Blank might be decent, but I wouldn't support them yet until they move their stuff over here.
I will say the tree business is a marketing ploy and nothing more. A seed is not going to change anything. If they went out and planted one for every board they sold I'd be very impressed. Sending a seed isn't doing much of anything being that millions of seeds fall from trees every fall. They simply don't grow because of the urban surroundings. I appreciate the concept, but think it's too weak to be an actual statement.


----------



## Zee (Feb 21, 2008)

Signal looks cool...

There is nothing original about Blank Snowboards, they are simply cheap imported Chinese made snowboards. Not hating, just calling it the way it is.


----------



## walove (May 1, 2009)

triax glass and carbon is expensive no matter how you do it, O-matic made waves when they did it for $350 (with boards made in china), now these guys are doing it for $200. Cheap boards are made with cheap materials (ie. biax glass less inserts).
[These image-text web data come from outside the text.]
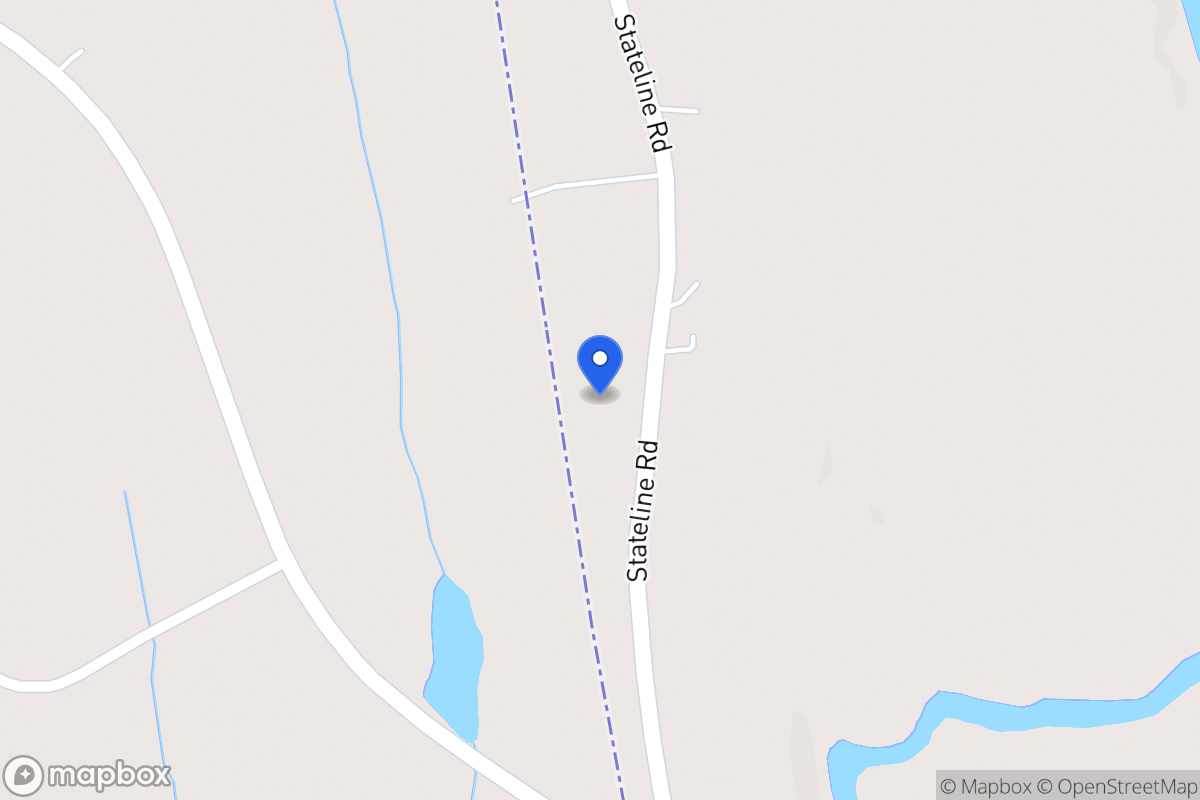 Map of 1056 Stateline Rd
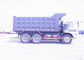 SINOTRUK Mining Dump Truck 371 hp 6x4 70tons drive mining tipper/ tipper truck howo brand Tedarikçi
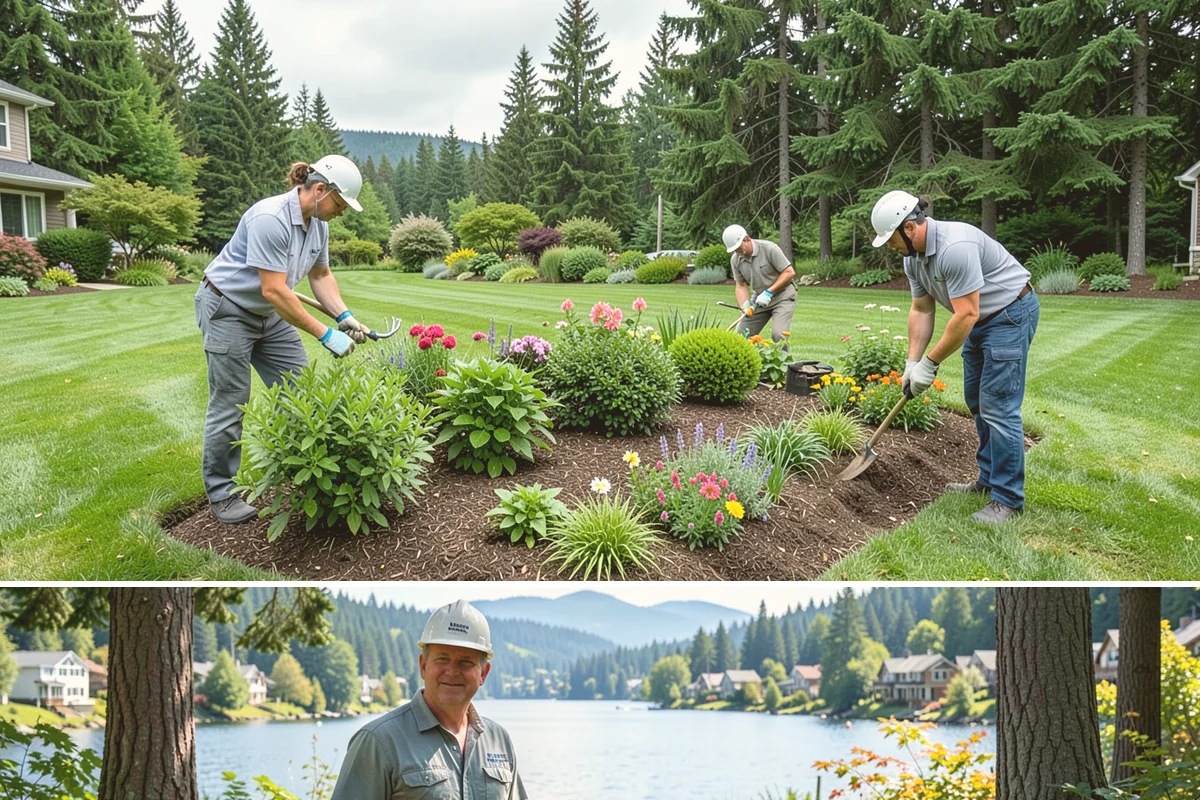Lawn Lime Treatment in Milton, King County, WA - Can be applied fall or spring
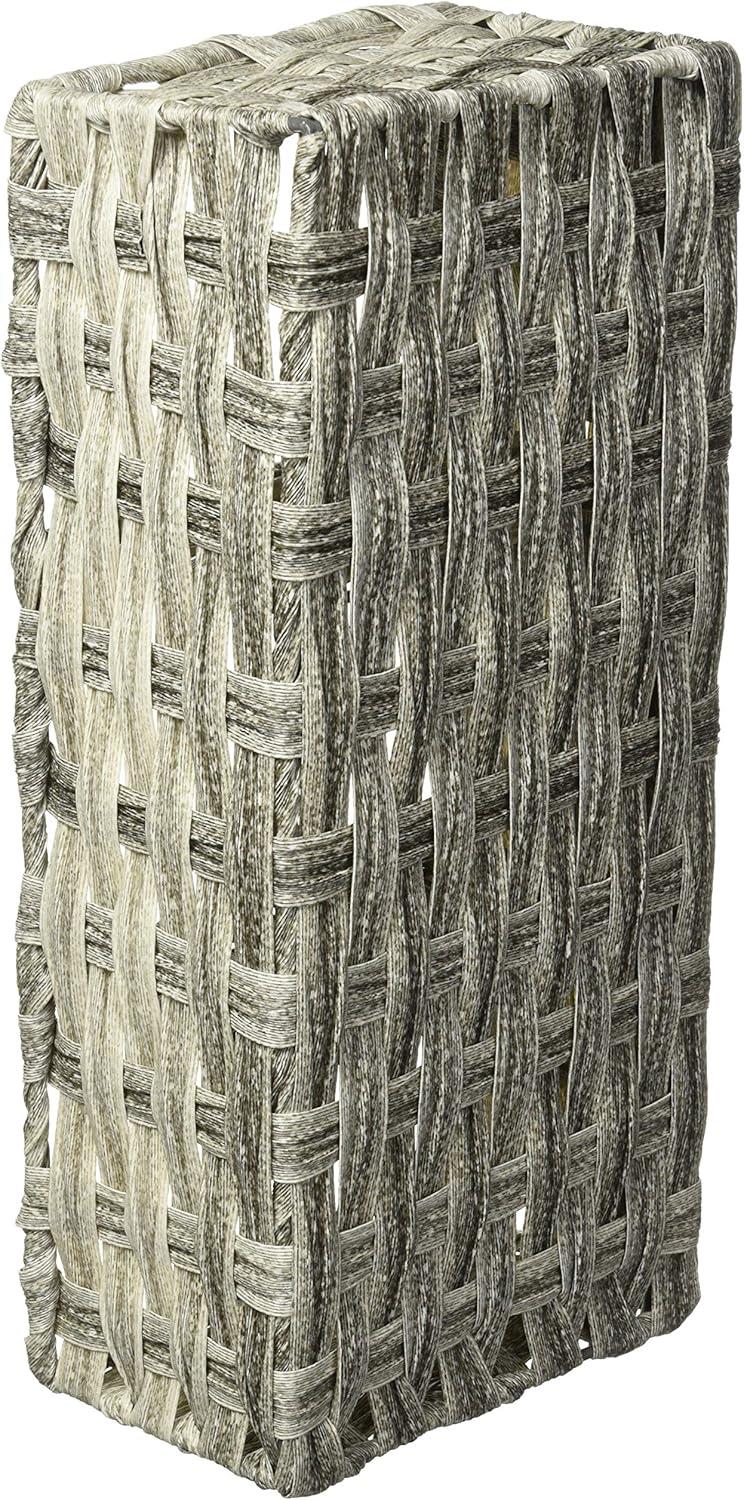 imageWhitmor Split Rattique Tank Topper Gray WashGray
I've never heard of this company before but comparing them to crap with out knowing is not fair. (not crap snowboards those where pretty good)


----------



## tsaokie (Sep 18, 2009)

I like the idea that blank has. I would be willing to give them a shot but thats just me.:laugh:


----------



## ifresh21 (Oct 19, 2009)

Anor said:


> Index Html - Signal
> 
> Hand made, hand painted recycled materials and good tech. All American goodness (I'm Canadian but I appreciate a great local company).
> 
> ...


Yea thats a hella good point. 

90% chance that that seed wont grow for most of the people who buy the product.


----------



## mtmgiants (Sep 30, 2008)

im definitely considering getting a black 145 as a park board. for 140 bucks i wouldnt feel bad taring the board apart plus the solid black base would allow for quick and easy ptex repairs and waxes. I wish they had at least a video or two of the boards in action.


----------